Starting at the line that contains "So the corners" and stopping after the line that contains "It's recommended to", transcribe the listing below exactly; do not include any pictures.

**Listed records**
════════════════════

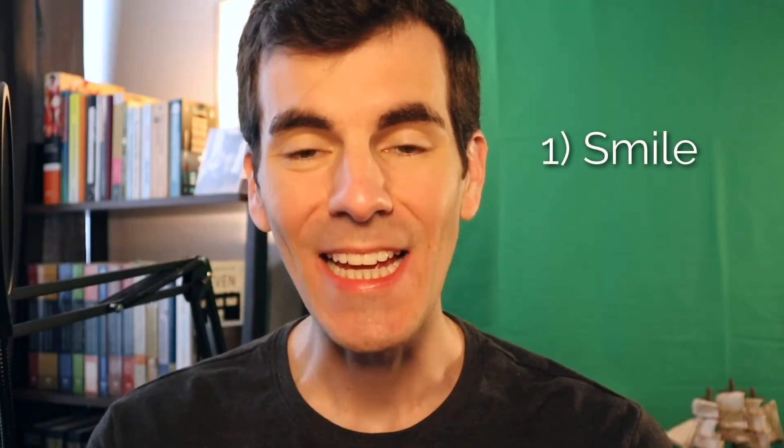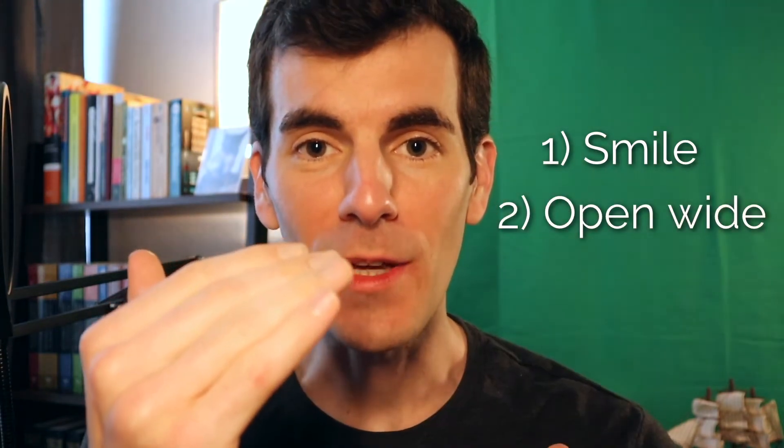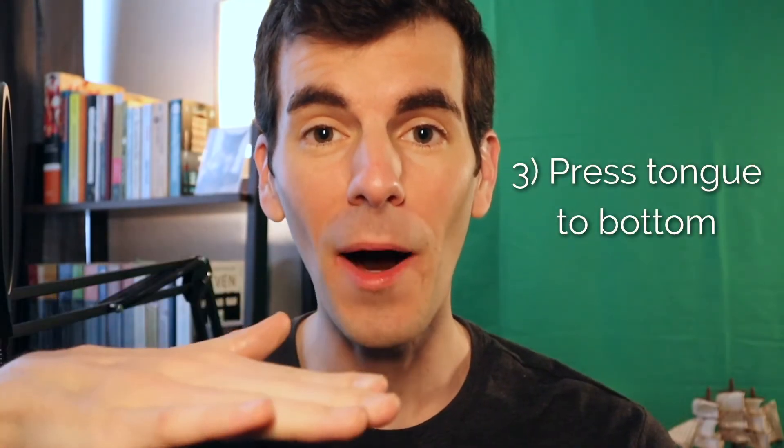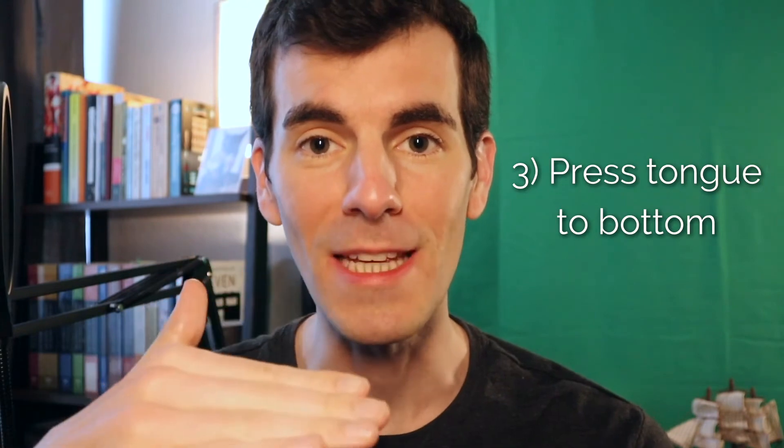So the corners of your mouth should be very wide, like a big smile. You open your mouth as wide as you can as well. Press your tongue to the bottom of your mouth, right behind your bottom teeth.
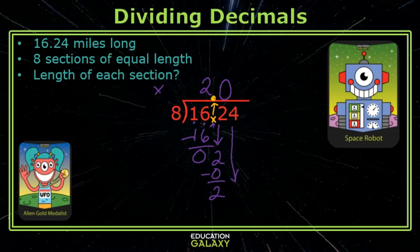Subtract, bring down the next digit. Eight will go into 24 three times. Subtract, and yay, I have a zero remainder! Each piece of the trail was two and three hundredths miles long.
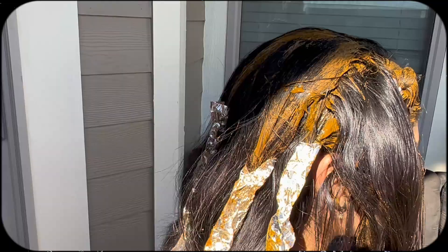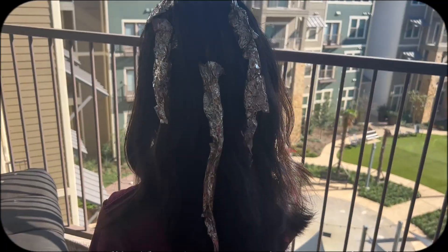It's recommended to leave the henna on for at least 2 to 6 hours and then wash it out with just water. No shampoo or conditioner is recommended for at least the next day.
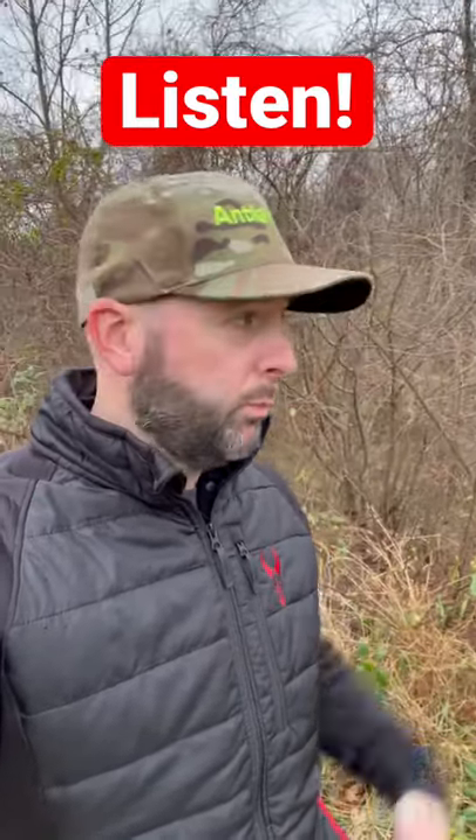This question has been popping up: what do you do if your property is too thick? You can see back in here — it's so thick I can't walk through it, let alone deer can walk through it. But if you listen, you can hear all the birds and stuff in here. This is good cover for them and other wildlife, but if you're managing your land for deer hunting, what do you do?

════════════════════

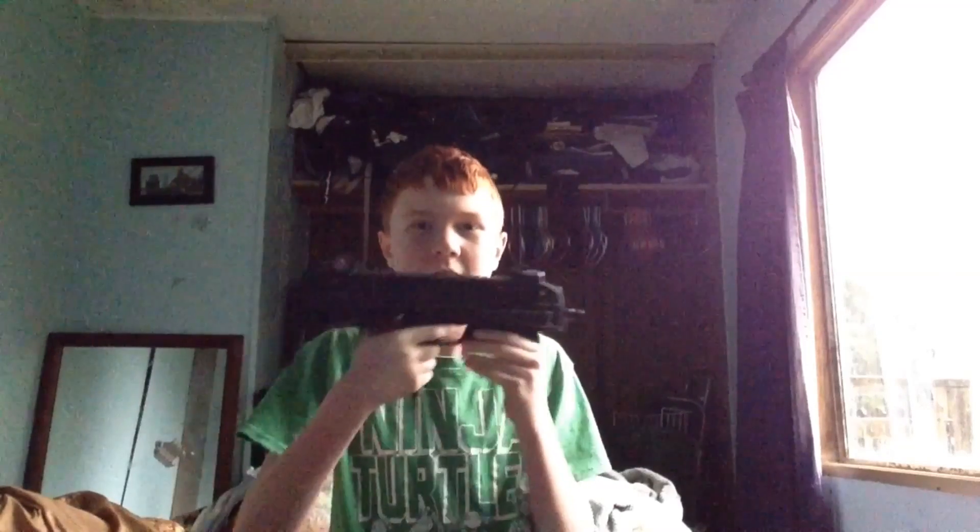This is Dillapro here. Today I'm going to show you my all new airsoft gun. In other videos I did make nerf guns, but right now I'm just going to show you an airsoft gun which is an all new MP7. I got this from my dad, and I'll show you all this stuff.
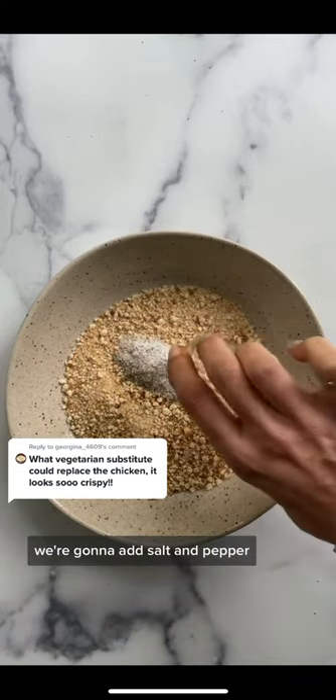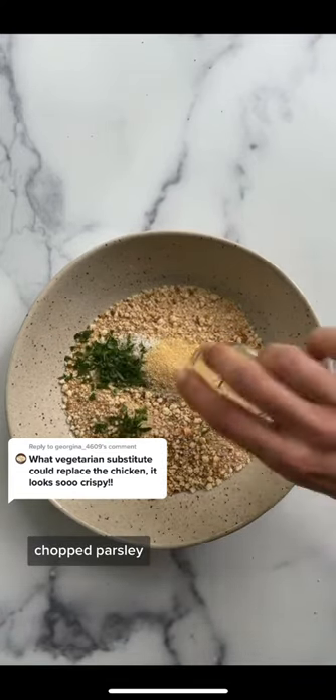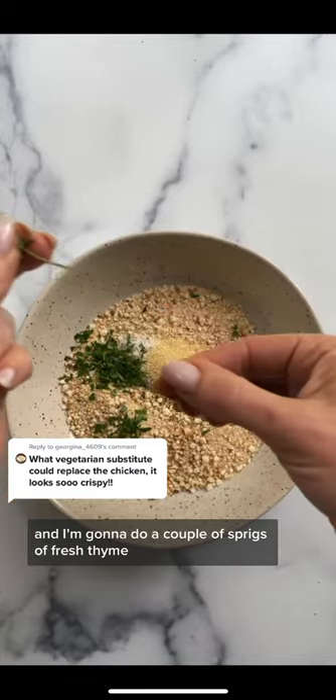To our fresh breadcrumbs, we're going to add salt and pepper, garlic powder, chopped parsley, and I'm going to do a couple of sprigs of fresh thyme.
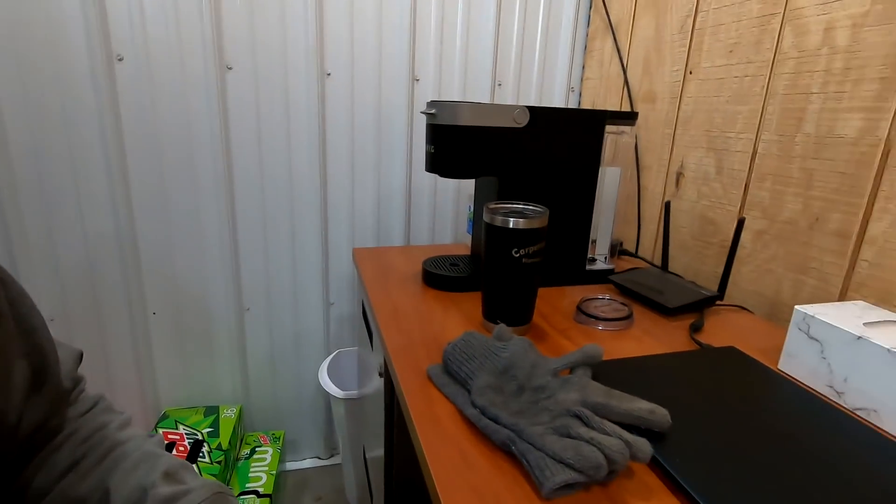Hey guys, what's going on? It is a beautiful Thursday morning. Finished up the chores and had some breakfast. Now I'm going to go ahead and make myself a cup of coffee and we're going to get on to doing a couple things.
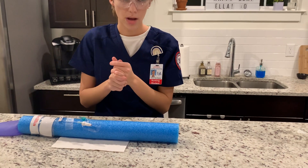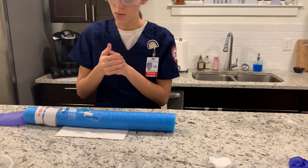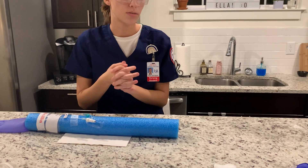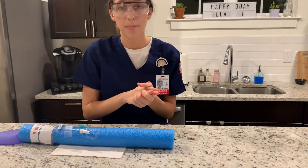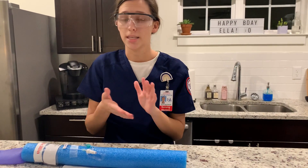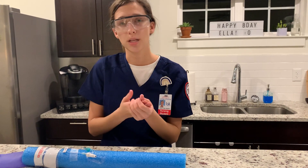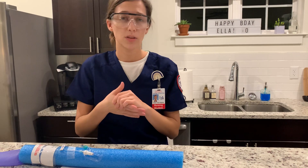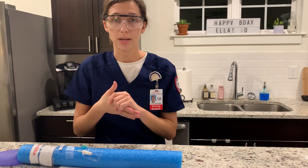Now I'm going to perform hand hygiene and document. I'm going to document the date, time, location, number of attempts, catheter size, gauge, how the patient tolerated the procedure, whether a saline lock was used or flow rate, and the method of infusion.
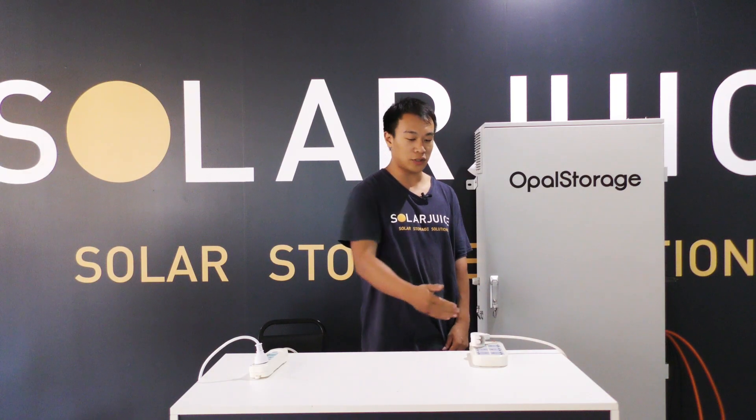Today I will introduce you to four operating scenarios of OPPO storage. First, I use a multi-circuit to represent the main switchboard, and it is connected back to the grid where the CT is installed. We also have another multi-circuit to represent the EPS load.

════════════════════

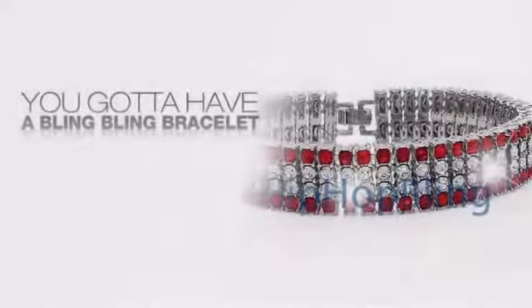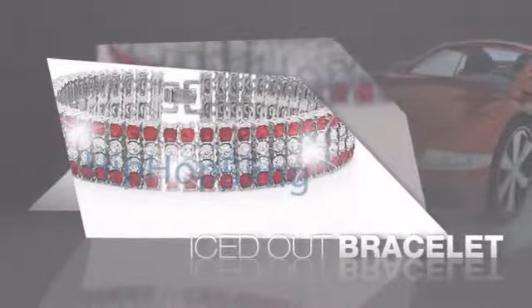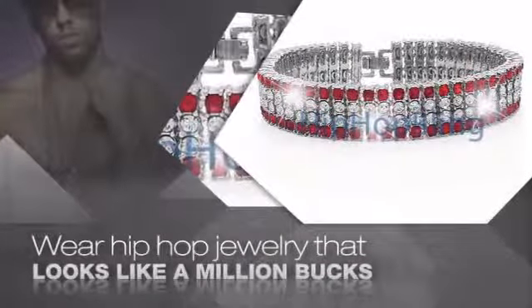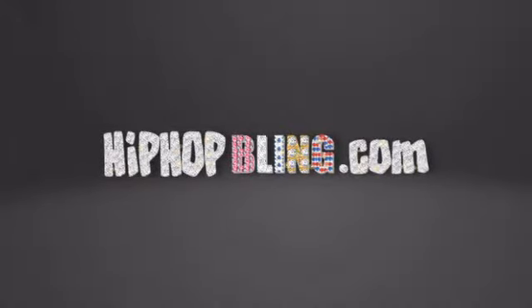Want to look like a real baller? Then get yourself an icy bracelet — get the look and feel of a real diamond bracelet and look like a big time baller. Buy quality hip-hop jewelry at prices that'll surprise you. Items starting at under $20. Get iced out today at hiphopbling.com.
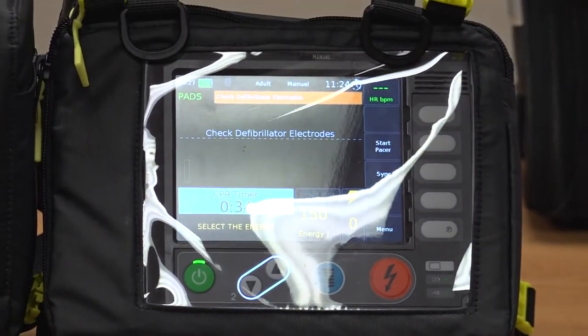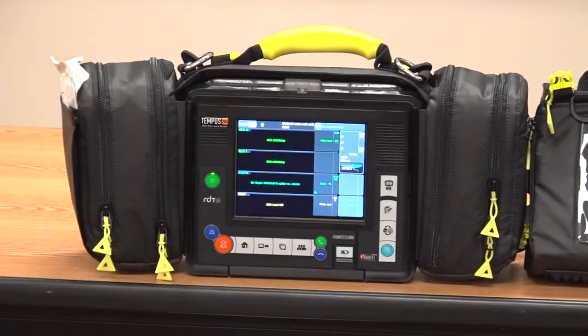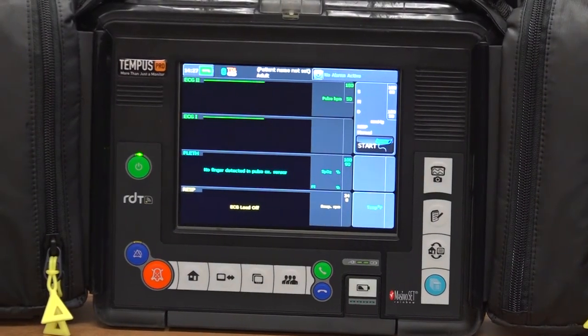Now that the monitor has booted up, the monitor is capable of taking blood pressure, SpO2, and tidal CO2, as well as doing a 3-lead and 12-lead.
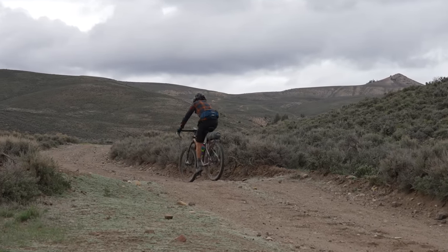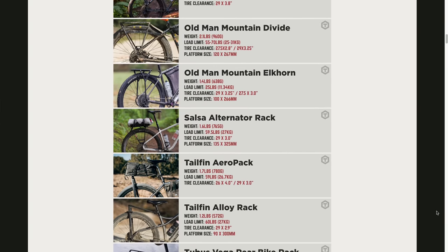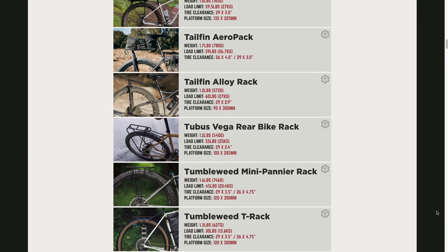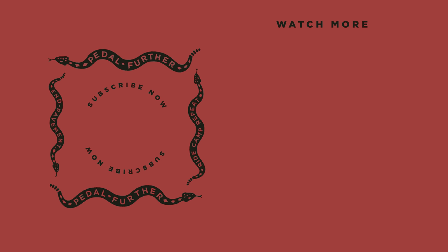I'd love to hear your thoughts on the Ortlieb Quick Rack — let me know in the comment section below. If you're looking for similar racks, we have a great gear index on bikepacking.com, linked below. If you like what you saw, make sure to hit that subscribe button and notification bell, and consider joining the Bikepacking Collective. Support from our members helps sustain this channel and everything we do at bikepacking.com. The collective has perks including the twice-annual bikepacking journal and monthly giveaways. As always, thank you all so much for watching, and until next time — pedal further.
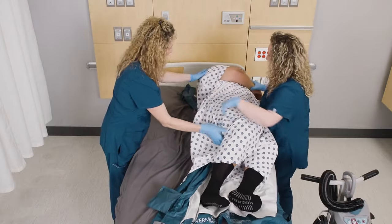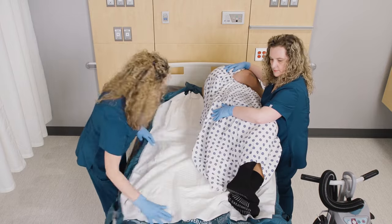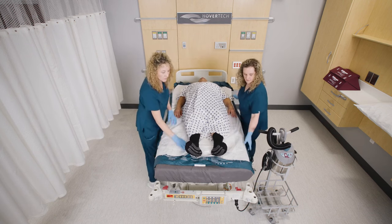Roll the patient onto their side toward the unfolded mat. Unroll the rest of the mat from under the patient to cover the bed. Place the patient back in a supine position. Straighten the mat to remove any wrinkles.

════════════════════

**Exercise solution**
So the corners of your mouth should be very wide, like a big smile. You open your mouth as wide as you can as well. Press your tongue to the bottom of your mouth, right behind your bottom teeth.
Subtract, bring down the next digit. Eight will go into 24 three times. Subtract, and yay, I have a zero remainder! Each piece of the trail was two and three hundredths miles long.
It's recommended to leave the henna on for at least 2 to 6 hours and then wash it out with just water. No shampoo or conditioner is recommended for at least the next day.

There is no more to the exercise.